To complicate matters further, Queen likes to point out the second great myth of the male orgasm: the assumption that ejaculation equals orgasm.
"In fact, orgasm and ejaculation are two different things," she says. "Orgasm is the peak of sensation, centered in the brain, but often felt as genitally-focused, that often comes with a series of pleasurable muscle contractions. It is often accompanied by ejaculation, but some guys ejaculate almost as a reflex, without that erotic peak of feeling, while some men can feel that peak or climax sensation, sometimes more than once, and never ejaculate."
I watched a live demo of an ejaculation-free male orgasm during a tantric massage class. The accompany shuddering and flushing made the orgasm unmistakable, yet it indeed produced no fluid. What's more, it happened while the subject was at, shall we say, no more than half mast. It was an impressive demonstration to say the least, and made me wonder if men experience "event-free" orgasms of the kind Queen describes without notice.
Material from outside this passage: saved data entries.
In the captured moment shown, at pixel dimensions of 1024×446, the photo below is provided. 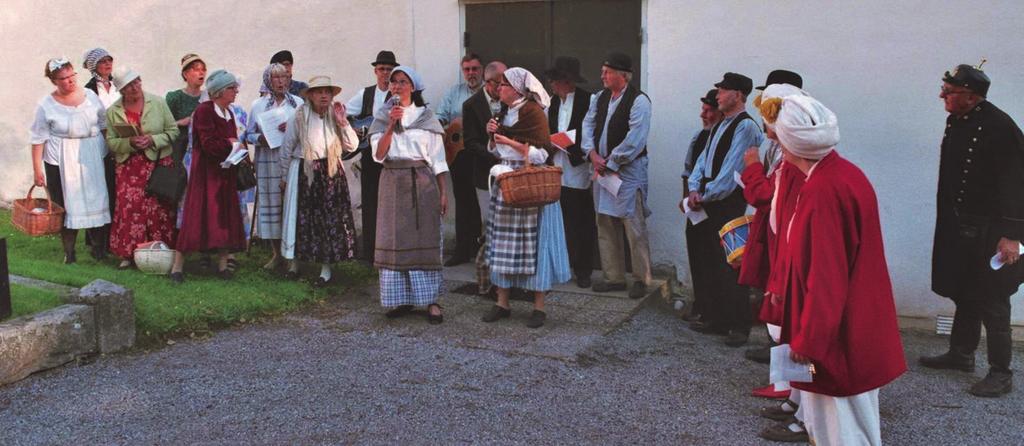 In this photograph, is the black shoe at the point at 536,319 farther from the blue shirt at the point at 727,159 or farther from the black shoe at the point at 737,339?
the blue shirt at the point at 727,159

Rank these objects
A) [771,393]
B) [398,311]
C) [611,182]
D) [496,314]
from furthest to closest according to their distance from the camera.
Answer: [611,182], [398,311], [496,314], [771,393]

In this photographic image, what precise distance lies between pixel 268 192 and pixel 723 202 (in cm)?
380

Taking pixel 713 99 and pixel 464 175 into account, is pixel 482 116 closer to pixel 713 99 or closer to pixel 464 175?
pixel 464 175

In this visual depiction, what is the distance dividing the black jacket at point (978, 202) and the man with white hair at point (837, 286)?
207 cm

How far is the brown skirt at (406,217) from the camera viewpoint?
6441mm

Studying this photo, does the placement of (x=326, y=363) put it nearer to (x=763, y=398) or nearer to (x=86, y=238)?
(x=763, y=398)

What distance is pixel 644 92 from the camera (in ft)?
24.5

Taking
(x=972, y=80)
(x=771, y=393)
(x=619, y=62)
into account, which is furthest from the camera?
(x=619, y=62)

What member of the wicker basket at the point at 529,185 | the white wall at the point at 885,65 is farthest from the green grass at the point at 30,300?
the white wall at the point at 885,65

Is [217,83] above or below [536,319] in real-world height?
above

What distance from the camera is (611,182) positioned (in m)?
7.12

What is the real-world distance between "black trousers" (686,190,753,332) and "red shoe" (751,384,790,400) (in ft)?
3.61

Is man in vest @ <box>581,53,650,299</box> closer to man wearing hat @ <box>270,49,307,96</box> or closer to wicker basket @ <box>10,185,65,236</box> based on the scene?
man wearing hat @ <box>270,49,307,96</box>

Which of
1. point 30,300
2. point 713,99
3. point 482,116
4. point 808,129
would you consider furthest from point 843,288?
point 30,300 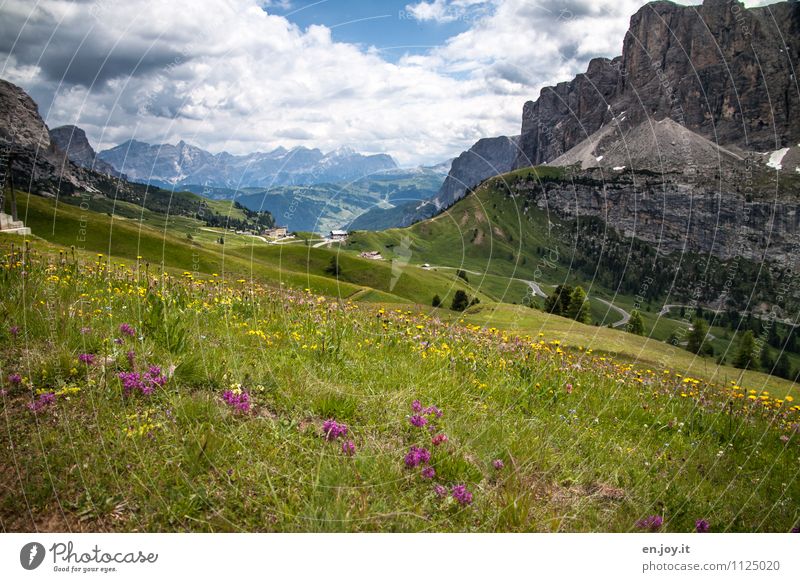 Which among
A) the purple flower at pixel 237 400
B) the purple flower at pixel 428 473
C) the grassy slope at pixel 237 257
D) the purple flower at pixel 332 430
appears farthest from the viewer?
the grassy slope at pixel 237 257

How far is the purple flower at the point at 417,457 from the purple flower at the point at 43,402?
11.1 ft

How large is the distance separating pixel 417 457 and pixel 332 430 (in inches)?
33.6

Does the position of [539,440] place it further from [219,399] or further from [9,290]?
[9,290]

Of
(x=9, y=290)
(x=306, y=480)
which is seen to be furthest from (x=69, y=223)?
(x=306, y=480)

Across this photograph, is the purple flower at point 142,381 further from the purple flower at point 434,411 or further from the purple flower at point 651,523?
the purple flower at point 651,523

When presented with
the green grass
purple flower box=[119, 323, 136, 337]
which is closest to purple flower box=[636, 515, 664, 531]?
the green grass

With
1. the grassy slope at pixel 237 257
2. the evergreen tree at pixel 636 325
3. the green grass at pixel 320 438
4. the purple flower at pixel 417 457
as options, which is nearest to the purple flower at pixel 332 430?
the green grass at pixel 320 438

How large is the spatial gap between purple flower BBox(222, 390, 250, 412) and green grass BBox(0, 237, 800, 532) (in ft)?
0.24

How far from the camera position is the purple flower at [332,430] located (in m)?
4.45

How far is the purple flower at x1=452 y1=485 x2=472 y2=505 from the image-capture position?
3.91m

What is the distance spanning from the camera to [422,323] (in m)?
10.2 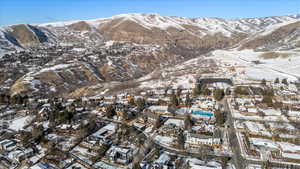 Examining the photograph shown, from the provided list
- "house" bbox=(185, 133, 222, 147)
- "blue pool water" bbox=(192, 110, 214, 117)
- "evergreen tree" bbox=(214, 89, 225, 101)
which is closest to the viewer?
"house" bbox=(185, 133, 222, 147)

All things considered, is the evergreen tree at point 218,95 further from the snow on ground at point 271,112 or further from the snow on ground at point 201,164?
the snow on ground at point 201,164

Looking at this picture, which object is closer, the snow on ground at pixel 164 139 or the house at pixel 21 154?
the house at pixel 21 154

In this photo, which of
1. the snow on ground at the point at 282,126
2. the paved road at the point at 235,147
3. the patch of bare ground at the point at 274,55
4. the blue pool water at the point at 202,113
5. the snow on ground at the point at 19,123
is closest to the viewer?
the paved road at the point at 235,147

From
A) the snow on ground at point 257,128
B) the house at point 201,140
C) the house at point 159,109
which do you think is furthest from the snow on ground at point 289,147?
the house at point 159,109

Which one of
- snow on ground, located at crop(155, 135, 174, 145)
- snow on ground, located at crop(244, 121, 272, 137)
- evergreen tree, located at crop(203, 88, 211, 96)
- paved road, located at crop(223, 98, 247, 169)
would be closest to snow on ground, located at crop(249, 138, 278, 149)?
snow on ground, located at crop(244, 121, 272, 137)

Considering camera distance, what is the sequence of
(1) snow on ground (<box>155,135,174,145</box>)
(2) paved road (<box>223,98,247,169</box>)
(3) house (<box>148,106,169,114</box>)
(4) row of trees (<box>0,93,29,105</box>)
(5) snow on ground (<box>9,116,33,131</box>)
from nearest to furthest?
(2) paved road (<box>223,98,247,169</box>) < (1) snow on ground (<box>155,135,174,145</box>) < (5) snow on ground (<box>9,116,33,131</box>) < (3) house (<box>148,106,169,114</box>) < (4) row of trees (<box>0,93,29,105</box>)

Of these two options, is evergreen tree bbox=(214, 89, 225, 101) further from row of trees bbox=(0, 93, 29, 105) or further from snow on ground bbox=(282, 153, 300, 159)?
row of trees bbox=(0, 93, 29, 105) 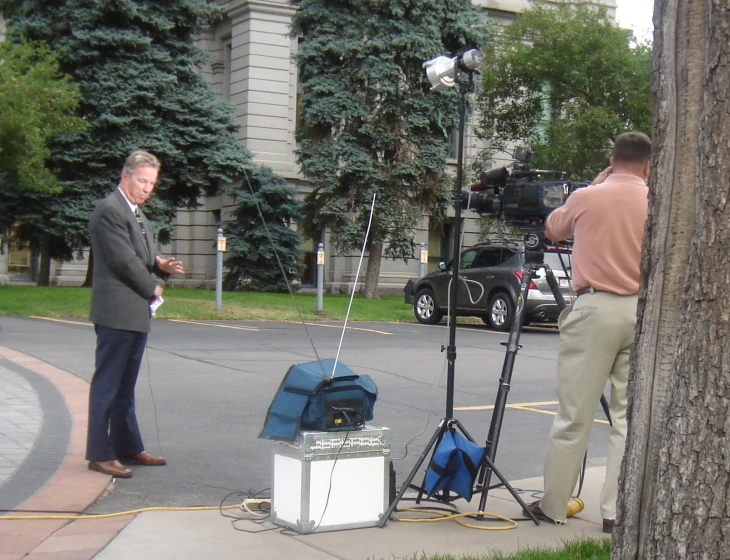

My friend Alex felt a great deal of anxiety about his inability to climax during intercourse, which persisted for years. Instead of just continuing to "fake it," Alex looked for other ways to express himself with a partner. This led him to discover a broader range of experiences and sensations — including, eventually, plenty of partnered orgasms. In time, he even found himself occasionally climaxing during intercourse, "but by then it no longer seemed like such a big deal."
"The experience made me a better lover," Alex says. Now in his forties, Alex is that rare guy who can hang with the girls and discuss the virtues of the Hitachi Magic Wand vs. the Rabbit without blushing. You may laugh, but name-dropping the latest model vibrator has to be one of the greatest "sensitive guy" pickup strategies ever invented.